▶ [EXERCISE GOAL]: Repeat exactly, and only, the lines below starting at the line that contains "Load image into" and ending at the line that contains "2026 Panini Prizm", inclusive of both.

▶ [SOURCE MATERIAL]:
■ ■ ■ ■

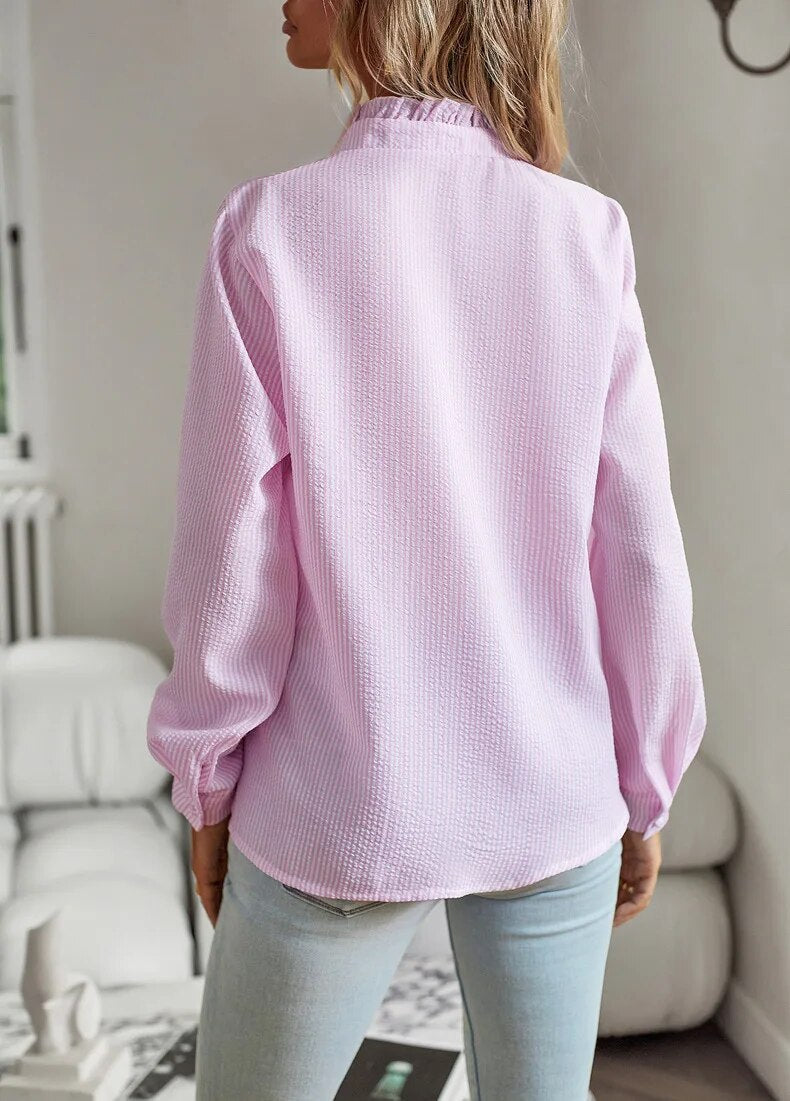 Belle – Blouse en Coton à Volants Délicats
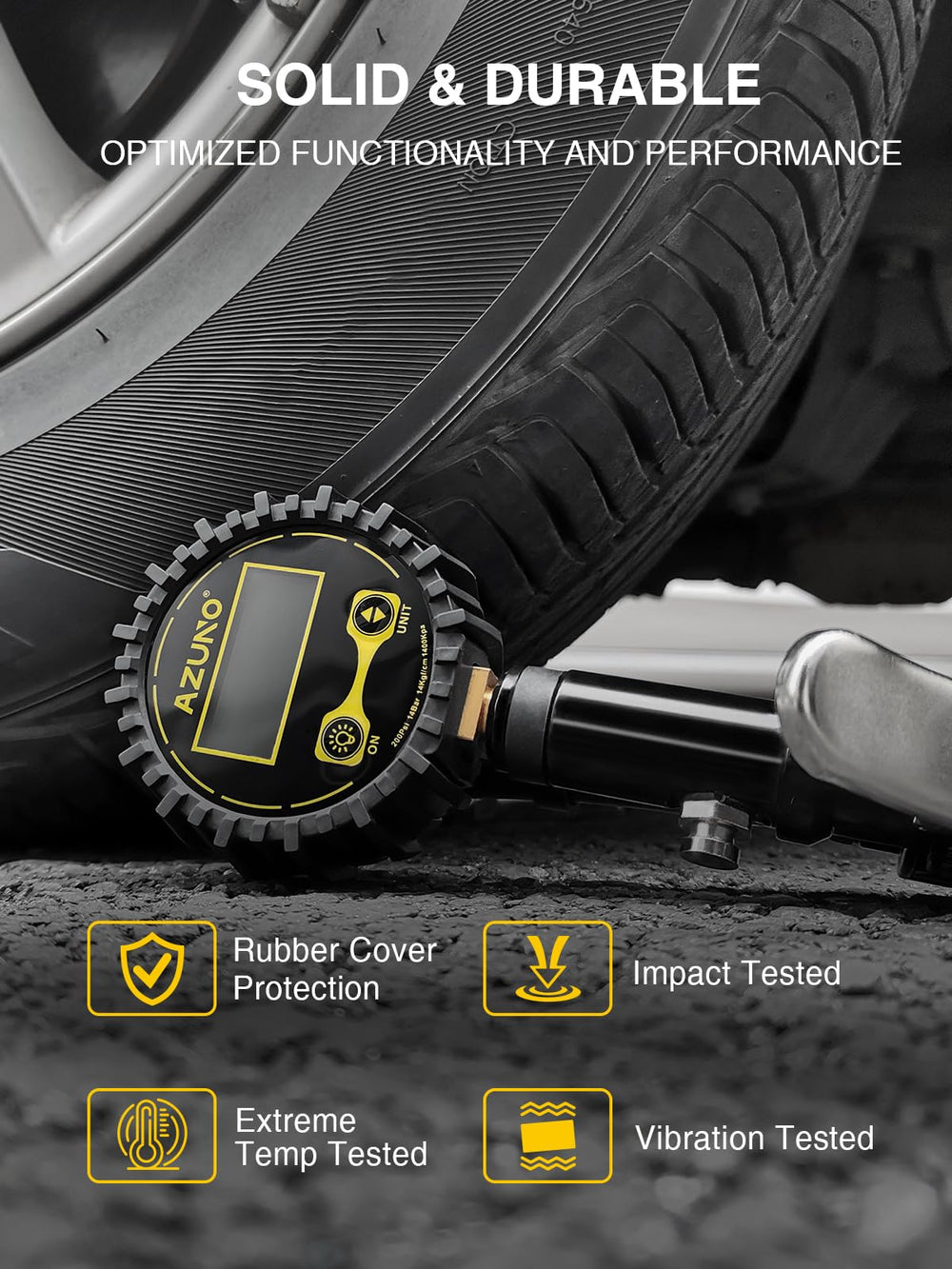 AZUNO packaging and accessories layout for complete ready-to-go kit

■ ■ ■ ■

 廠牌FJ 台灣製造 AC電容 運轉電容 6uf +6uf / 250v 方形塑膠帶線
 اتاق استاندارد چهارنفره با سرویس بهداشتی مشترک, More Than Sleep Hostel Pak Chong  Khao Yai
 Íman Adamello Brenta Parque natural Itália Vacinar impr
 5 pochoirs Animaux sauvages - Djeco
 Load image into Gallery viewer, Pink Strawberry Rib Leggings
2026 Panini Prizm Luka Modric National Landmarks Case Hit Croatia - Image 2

■ ■ ■ ■

▶ [SOLUTION]:
 Load image into Gallery viewer, Pink Strawberry Rib Leggings
2026 Panini Prizm Luka Modric National Landmarks Case Hit Croatia - Image 2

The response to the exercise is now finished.